The model is finetuned on top of roberta-base model using 77 years of speech data from the UN General Assembly. Training design combines the transcripts of political speeches in English with a weak supervision setup under which the training data are annotated with the V-Dem polyarchy index (i.e., polyarchic status) as the reference labels. The model is trained for predicting the index value of a speech, linking the presented narratives with the virtual quality of democracy of the speaker’s country (rather than with the speaker himself). The corpus quality ensures robust temporal (1946–2022) and spatial (197 countries) representation, resulting in a well-balanced training dataset. Although the training data are domain-specific (the UN General Assembly), the model trained on the UNGD corpus appears to be robust across various sub-domains, demonstrating its capacity to scale well across regions and contexts. Rather than using whole speeches as input data for training, I utilize a sliding window of sentence trigrams splitting the raw transcripts into uniform snippets of text mapping the political language of world leaders. As the goal is to model the varying context of presented ideas in the analyzed speeches rather than the context of the UN General Assembly debates, the main focus is on the particularities of the language of reference groups (authoritarian/democratic leaders).

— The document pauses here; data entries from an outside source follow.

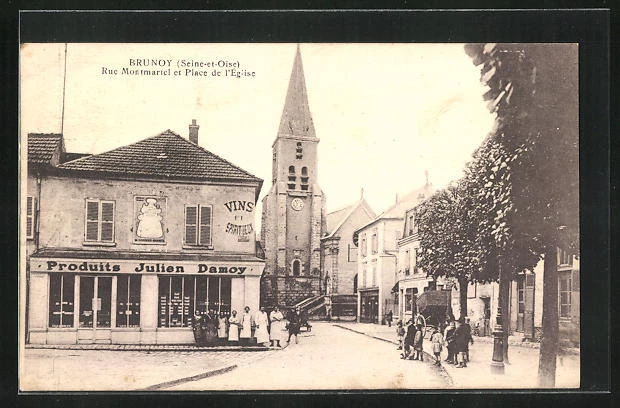 CPA Brunoy, Rue Montmartel et Place de l´Église 1923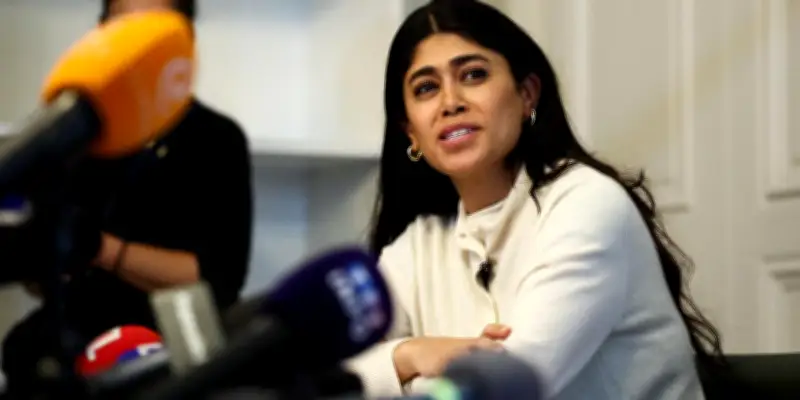 Rima Hassan, eurodéputée LFI, porte plainte après des fuites de sa garde à vue, Darmanin saisit l'IGJ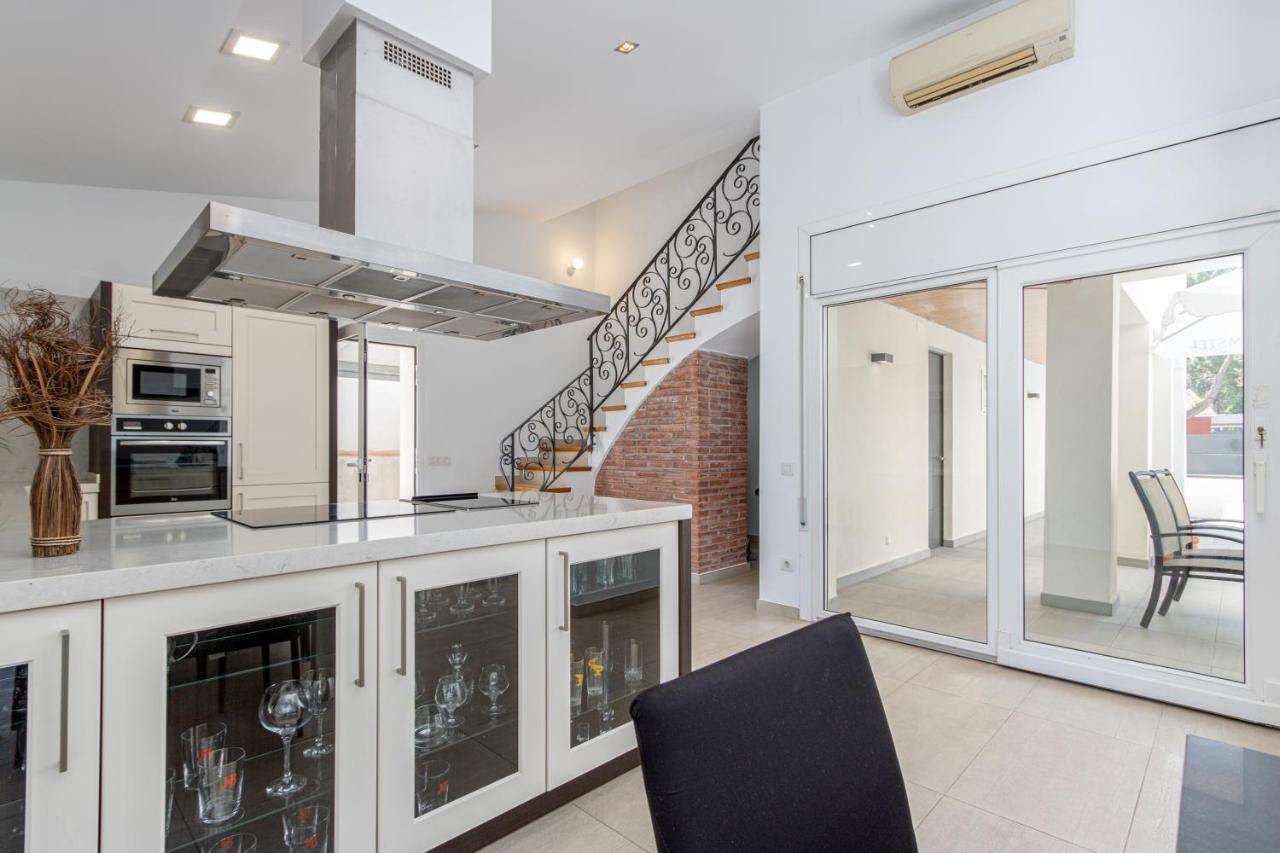 Goldhome - New House With Private Heated Pool, Parking, Wifi, Games Room Empuriabrava Extérieur photo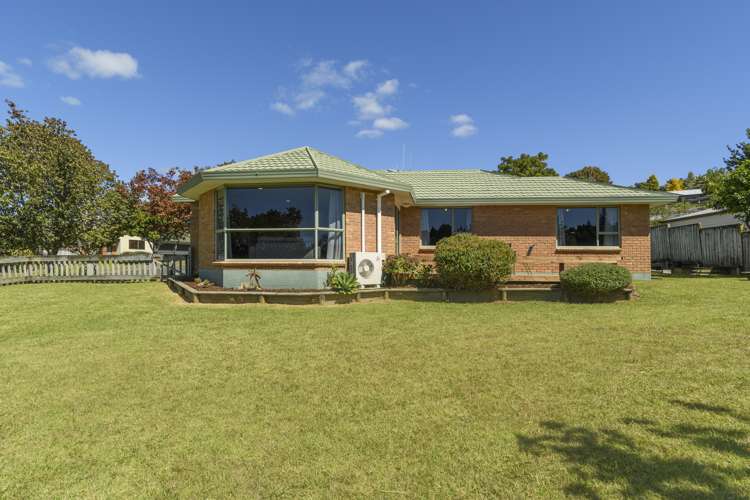 2 Karamu Terrace Pyes Pa_23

The final dataset counts 1 062 286 sentence trigrams annotated with EDI scores inherited from the parent documents (μ = 0.430, 95% CI [0.429, 0.430]).

Usage

The model is designed with accessibility in mind, allowing anyone to use it. The example below contains a simplified inference pipeline, with a primary focus on social scientists and their empirical research needs. In addition to that, the repository includes a Jupyter notebook and a sample corpus that can be downloaded, uploaded to Google Drive, and tested “in full” in Google Colab, free of charge. Similar analyses can be performed on any spreadsheet with just two columns: document ID and the raw text. For users with fewer technical skills, there is also a video tutorial on how to start analyzing your data in a matter of minutes.

For more details, evaluation tests, and discussion, please refer to the original paper (see details below) and the official Zenodo repository (https://zenodo.org/records/13920400).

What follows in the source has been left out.